* [TASK STATEMENT]:
Under this line is some data; print exactly the lines from the one containing "Only God Can" through its last line, without pictures.

* [INFORMATION SHOWN]:

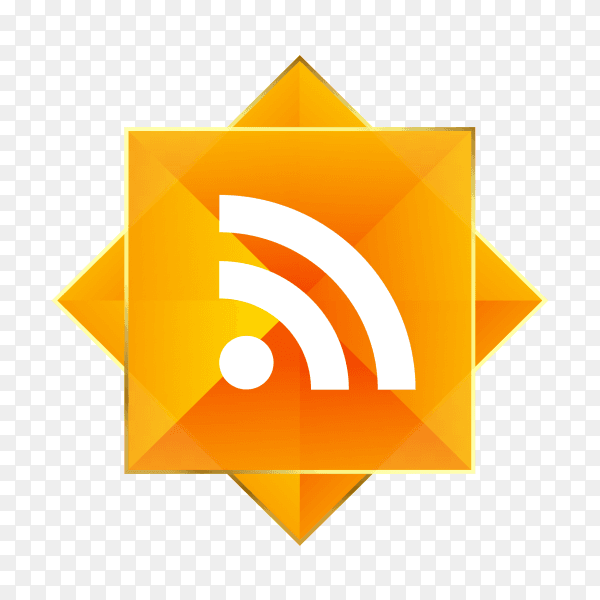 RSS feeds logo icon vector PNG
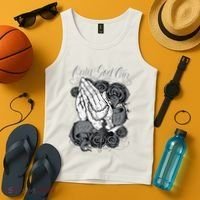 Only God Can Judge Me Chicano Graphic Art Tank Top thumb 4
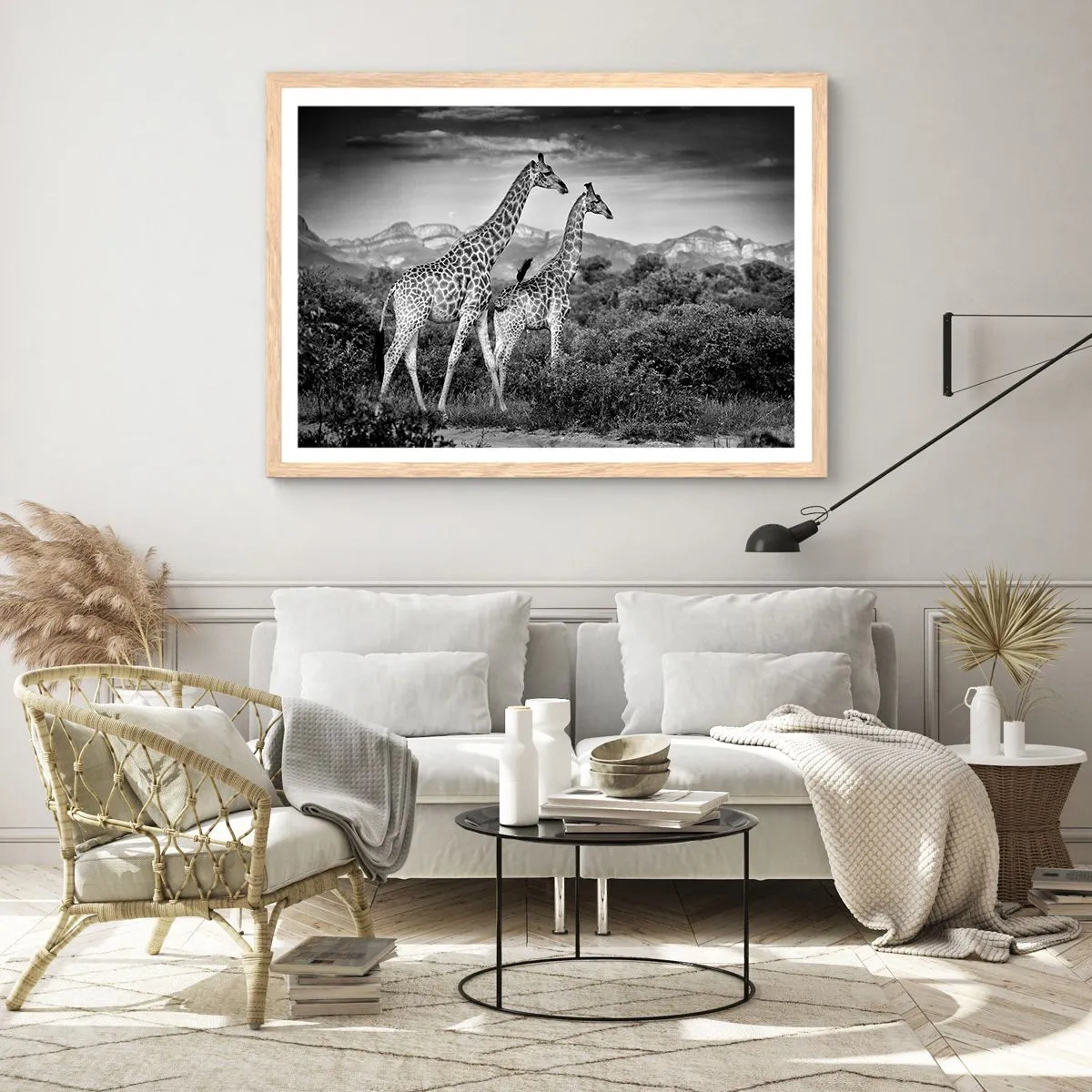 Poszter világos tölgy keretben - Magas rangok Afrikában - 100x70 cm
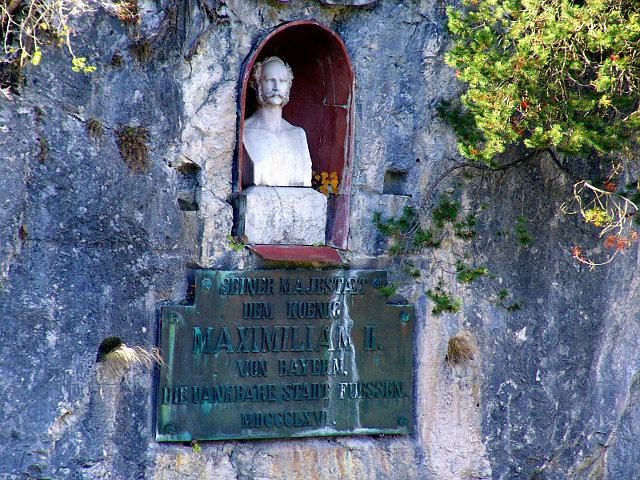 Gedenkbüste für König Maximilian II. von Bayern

* [RESULT]:
 Only God Can Judge Me Chicano Graphic Art Tank Top thumb 4
 Poszter világos tölgy keretben - Magas rangok Afrikában - 100x70 cm
 Gedenkbüste für König Maximilian II. von Bayern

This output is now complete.